Age Ageing. 2009 Jul;38(4):401-6. doi: 10.1093/ageing/afp015. Epub 2009 Mar 9.
to evaluate the association between dehydroepiandosterone (DHEA) and physical frailty in older adults.
cross-sectional analysis of baseline information from three separate studies in healthy older men, women and residents of assisted living.
academic health centre in greater Hartford, CT, USA.
eight hundred and ninety-eight adults residing in the community or assisted living facility.
participants had measurement of frailty (weight loss, grip strength, sense of exhaustion, walking speed and physical activity) and serum DHEAS levels.
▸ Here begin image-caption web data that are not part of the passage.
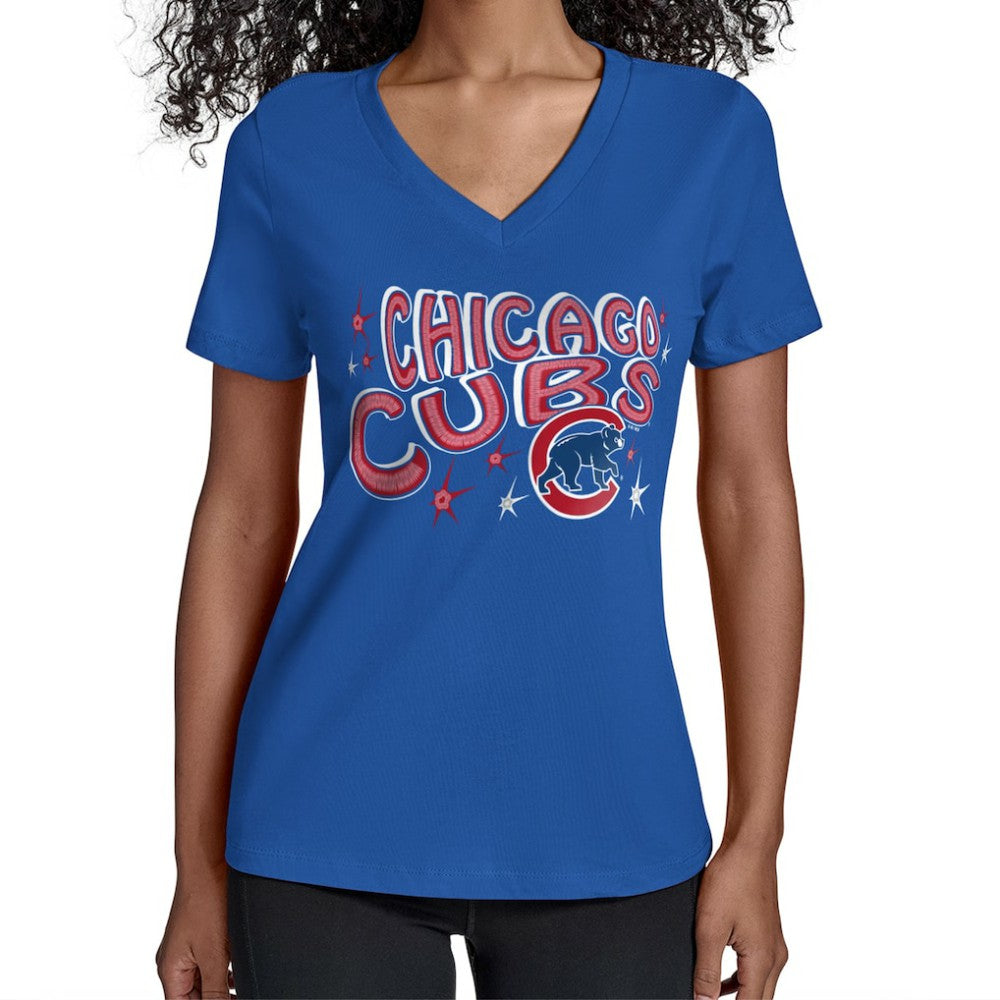 Chicago Cubs Starter Women's Fireworks Team Name V-Neck T-Shirt Royal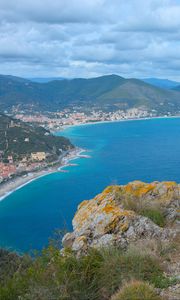 Preview wallpaper sea, bay, mountains, rocks, landscape, shore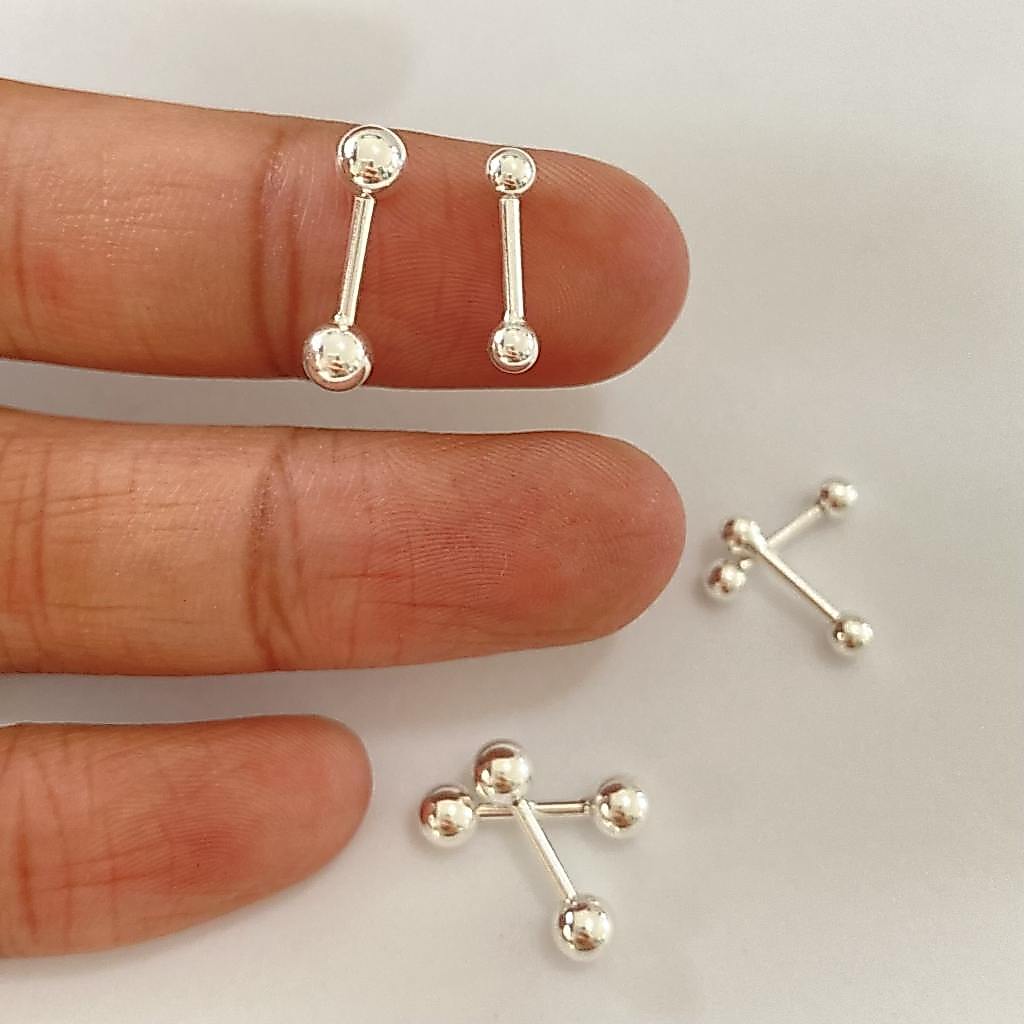 จิวหูเงินแท้ Ball Pins Earrings 92.5% (จิวหูหมุดบอล)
overall, 6% of the individuals in the study were classified as frail, 58% intermediate frail and 35% were not frail. In the bivariate analysis, there were differences between categories of frailty across age, gender and by DHEAS levels. In an ordinal logistic regression model, with frailty as a dependent measure, we found that age, DHEAS and interactions of age and BMI and DHEAS and BMI were predictive of more frailty characteristics.
we found an association between frailty and DHEAS levels. Whether the association is due to similar conditions resulting in lower DHEA levels and more susceptibility to frailty or whether lower DHEA levels have an impact on increasing frailty cannot be addressed by cross-sectional analysis. Gender did not impact the association between DHEAS and frailty, but obesity (BMI > 30 kg/m(2)) attenuated the association between higher DHEA levels and lower frailty status.
评估脱氢表雄酮(DHEA)与老年人身体虚弱之间的关联。
对来自三项分别针对健康老年男性、女性及辅助生活居民的研究的基线信息进行横断面分析。
美国康涅狄格州大哈特福德的学术健康中心。
898名居住在社区或辅助生活设施中的成年人。
参与者接受了虚弱程度(体重减轻、握力、疲惫感、步行速度和身体活动)及血清硫酸脱氢表雄酮(DHEAS)水平的测量。
总体而言,研究中的个体6%被归类为虚弱,58%为中度虚弱,35%不虚弱。在双变量分析中,不同虚弱类别在年龄、性别和DHEAS水平方面存在差异。在一个以虚弱为因变量的有序逻辑回归模型中,我们发现年龄、DHEAS以及年龄与体重指数(BMI)的交互作用和DHEAS与BMI的交互作用可预测更多的虚弱特征。
我们发现虚弱与DHEAS水平之间存在关联。这种关联是由于类似状况导致DHEA水平降低且更易出现虚弱,还是较低的DHEA水平对增加虚弱有影响,横断面分析无法解决。性别并未影响DHEAS与虚弱之间的关联,但肥胖(BMI>30kg/m²)减弱了较高DHEA水平与较低虚弱状态之间的关联。